Poi, la musica. E un saluto che potrebbe essere stato davvero l’ultimo. L’ultima occasione per vedere dal vivo, a Milano, una delle band che ha riscritto la grammatica del rock, scolpendone il nome con il fuoco nella storia della musica…

Gli Who, sul palco del loro tour “The Song Is Over”, hanno lasciato un segno indelebile, come sempre, ma con una consapevolezza nuova: quella di essere al capitolo finale. E lo hanno fatto nel solo modo che conoscono: con l’urlo, il sudore e la potenza elettrica. Certo, nel rock mai dire mai, per carità. Di tour d’addio non tali ne abbiamo visti tanti e per come li abbiamo ascoltati sul palco questa sera un pizzico di speranza che valga anche per questi giovani ottantenni ci resta.

Roger Daltrey, 81 anni, canta come se il tempo si fosse preso una pausa per lasciarlo urlare ancora una volta. Non tutte le ottave sono quelle di un tempo – sarebbe disumano aspettarselo- ma certi acuti sfoderati nel cuore del live sono lì a ricordarci chi è Daltrey: una voce che ha attraversato i decenni, che ha cantato l’adolescenza ribelle e la maturità disillusa, e che ancora oggi vibra di una forza che non si può simulare. Per gli pseudocantantucoli odierni: prendere appunti.

E accanto a lui, c’è Pete Townshend, sciamano della chitarra, colui che ha fatto delle sei corde un manifesto di rabbia e bellezza.

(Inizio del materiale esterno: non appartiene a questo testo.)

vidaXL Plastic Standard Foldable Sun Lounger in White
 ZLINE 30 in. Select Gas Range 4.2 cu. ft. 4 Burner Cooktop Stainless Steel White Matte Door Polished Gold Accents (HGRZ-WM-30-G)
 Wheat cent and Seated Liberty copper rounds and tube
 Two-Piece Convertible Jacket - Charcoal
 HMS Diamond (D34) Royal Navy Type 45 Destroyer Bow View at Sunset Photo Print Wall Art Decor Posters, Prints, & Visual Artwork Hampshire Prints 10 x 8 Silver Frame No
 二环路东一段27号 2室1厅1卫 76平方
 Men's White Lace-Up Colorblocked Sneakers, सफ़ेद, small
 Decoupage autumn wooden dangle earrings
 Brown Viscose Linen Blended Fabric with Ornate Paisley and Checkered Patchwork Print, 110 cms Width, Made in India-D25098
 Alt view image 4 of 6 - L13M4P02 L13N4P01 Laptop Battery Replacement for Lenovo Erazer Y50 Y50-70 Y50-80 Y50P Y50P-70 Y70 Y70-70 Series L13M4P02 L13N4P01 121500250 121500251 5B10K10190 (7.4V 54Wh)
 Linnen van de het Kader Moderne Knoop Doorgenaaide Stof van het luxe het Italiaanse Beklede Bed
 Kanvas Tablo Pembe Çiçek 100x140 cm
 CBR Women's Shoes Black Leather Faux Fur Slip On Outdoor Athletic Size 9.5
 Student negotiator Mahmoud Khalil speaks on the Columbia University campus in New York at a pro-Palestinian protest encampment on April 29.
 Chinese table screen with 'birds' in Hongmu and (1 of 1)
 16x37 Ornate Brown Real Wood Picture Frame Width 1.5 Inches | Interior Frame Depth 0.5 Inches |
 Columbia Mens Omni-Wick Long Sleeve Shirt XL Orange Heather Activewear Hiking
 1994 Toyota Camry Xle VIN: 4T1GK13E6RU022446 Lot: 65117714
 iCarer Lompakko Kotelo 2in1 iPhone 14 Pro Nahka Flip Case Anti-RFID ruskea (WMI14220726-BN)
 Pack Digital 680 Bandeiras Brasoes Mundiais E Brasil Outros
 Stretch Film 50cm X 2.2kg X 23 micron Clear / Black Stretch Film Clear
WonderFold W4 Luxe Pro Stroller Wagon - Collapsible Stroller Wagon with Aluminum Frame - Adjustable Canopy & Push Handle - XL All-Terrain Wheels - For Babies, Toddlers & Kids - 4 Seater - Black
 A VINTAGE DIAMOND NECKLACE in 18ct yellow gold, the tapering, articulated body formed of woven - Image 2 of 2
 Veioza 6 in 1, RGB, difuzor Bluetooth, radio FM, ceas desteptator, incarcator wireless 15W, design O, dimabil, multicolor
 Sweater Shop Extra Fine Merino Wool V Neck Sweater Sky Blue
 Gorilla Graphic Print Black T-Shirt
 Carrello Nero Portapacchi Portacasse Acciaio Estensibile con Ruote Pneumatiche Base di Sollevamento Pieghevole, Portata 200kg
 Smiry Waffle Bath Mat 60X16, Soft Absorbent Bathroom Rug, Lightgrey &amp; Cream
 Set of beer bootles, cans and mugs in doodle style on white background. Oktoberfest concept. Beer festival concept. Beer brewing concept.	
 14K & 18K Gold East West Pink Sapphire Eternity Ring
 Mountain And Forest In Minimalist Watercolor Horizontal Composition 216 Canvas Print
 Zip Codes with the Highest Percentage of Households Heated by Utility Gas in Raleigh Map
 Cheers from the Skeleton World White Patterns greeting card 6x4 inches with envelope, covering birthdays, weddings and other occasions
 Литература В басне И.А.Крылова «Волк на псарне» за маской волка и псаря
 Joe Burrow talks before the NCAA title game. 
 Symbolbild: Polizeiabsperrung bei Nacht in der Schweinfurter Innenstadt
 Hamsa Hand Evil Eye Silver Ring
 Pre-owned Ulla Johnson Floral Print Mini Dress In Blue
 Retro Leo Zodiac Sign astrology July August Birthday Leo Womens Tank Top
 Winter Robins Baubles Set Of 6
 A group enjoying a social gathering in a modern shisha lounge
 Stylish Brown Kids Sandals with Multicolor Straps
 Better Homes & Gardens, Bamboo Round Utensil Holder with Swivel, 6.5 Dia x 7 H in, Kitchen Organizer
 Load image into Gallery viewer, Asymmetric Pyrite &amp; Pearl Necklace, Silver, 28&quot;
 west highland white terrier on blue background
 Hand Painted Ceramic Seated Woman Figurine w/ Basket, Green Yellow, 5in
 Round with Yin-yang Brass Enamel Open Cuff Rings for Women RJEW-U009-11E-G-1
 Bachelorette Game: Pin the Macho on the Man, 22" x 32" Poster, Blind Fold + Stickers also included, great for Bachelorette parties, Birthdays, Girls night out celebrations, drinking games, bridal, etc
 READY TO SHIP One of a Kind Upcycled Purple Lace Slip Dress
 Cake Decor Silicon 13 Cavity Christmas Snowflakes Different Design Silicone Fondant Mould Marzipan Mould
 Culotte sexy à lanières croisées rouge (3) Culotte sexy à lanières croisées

Le sue mani – nonostante gli anni – danzano, graffiano, dipingono. Il suono è ancora quello: quello di Tommy, di Quadrophenia, di My Generation. Quello che ha attraversato Woodstock, l’Isola di Wight, i templi della musica. La sua chitarra non suona nostalgia: suona attualità perché certe verità non invecchiano mai.

La band che li accompagna è rocciosa, precisa, in sintonia: Simon Townshen dalla chitarra, Loren Gold alle tastiere, Jon Button al basso, Scott Devours alla batteria e John Hogg ai cori.

La scaletta è un viaggio attraverso venti canzoni che non sono solo brani, ma tappe di una mitologia collettiva. Gli Who sono invecchiati, sì, ma non si sono mai arresi. E forse proprio per questo non sono mai diventati vecchiMilano li ha accolti con il calore che si riserva alle leggende, con un pubblico numeroso e partecipe, emozionato e grato. Pochissimi telefoni alzati, segno che in fondo, se si vuole, si può ancora godersi il momento. È stata una di quelle serate che restano incise nella memoria, come un vinile che non smetterai mai di ascoltare.

E se davvero è stata l’ultima, allora è stato il congedo perfetto. Con le corde che bruciano, le voci che graffiano e il cuore che batte ancora forte. Come solo il rock sa fare. Come solo gli Who sanno fare.